The equivalence between (1) and (2) is derived in the previous post.  In EM one performs alternating optimization where (2) is used to optimize the encoder distribution $P_\Psi(z|x,y)$ while holding the model distribution $P_\Theta(y,z|x)$ fixed, and (1) is used to optimize model distribution $P_\Theta(z,y)$ while holding the encoder distribution $P_\Psi(z|x,y)$ fixed.  In EM each of these optimizations is done exactly in closed form yielding an exact alternating maximization algorithm.  In CTC the E step optimization is computed exactly in closed form but the M step is replaced by an exact closed form calculation of the gradient of (1) with respect to $\Theta$.  I will call this the EG algorithm (expected gradient).

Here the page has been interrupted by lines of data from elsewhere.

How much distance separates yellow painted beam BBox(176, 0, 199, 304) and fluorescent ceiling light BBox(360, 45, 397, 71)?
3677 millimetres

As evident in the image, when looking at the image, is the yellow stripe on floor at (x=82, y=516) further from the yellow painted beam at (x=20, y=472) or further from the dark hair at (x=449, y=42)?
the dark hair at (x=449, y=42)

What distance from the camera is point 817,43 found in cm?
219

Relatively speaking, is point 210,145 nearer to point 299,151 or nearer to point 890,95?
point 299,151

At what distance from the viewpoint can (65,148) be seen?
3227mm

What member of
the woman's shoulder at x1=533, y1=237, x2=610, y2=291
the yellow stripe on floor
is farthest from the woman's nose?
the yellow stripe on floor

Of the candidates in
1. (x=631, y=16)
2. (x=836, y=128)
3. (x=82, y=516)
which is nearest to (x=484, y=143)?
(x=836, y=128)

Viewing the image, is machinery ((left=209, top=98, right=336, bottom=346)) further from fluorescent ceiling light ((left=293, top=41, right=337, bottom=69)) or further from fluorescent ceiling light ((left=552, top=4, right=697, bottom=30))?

Example: A Deep HMM Language Model: A deep language model is typically an auto-regressive RNN1.

[Andrej Karpathy]

Here the model stochastically generates a word and then uses the generated word as input in computing the next hidden state.  In contrast to a classical finite-state HMM, the hidden state is determined by the observable word sequence.  In a classical HMM many different hidden state sequences can generate the same word sequence — the hidden states are latent.  We can introduce discrete latent hidden states $H_0, \ldots, H_T$ such that the full hidden state is a pair $(h_t, H_t)$ where $h_t$ is an RNN state vector determined by observable words and $H_t$ is a latent discrete state not determined by the observable sequence.  We allow the discrete hidden state transition probabilities to depend on the hidden vector of an RNN.  In equations we have

$h_{t+1} = \mathrm{RNNcell}_\Theta(h_t, e(w_t))$

$P_\Theta(H_{t+1} \;|\;w_1,\ldots,\;w_t,\;H_1,\ldots,\;H_t) = P_\Theta(H_{t+1}\;|\;h_{t+1},e(H_t))$

$P_\Theta(w_{t+1} \;|w_1,\ldots,w_t,\;H_1,\ldots,\;H_t) = P_\Theta(w_{t+1}\;|\;h_{t+1},e(H_{t+1})).$

Here $\Theta$ is the system of network parameters and $e(w)$ and $e(H)$ are vector embeddings of the word $w$ and discrete state $H$. This model allows $P_\Theta(w_1,\ldots,w_T)$ to be computed by dynamic programming over the possible hidden state sequences using the forward-backward procedure.  The gradient of the probability can also be computed in closed form and we can do SGD without sampling the discrete hidden states.  For dynamic programming to work it is important that the state vector $h_t$ is determined by $h_0$ and the observed words $w_1,\ldots,w_{t-1}$ and is not influenced by the hidden state sequence $H_1,\ldots,H_{t-1}$.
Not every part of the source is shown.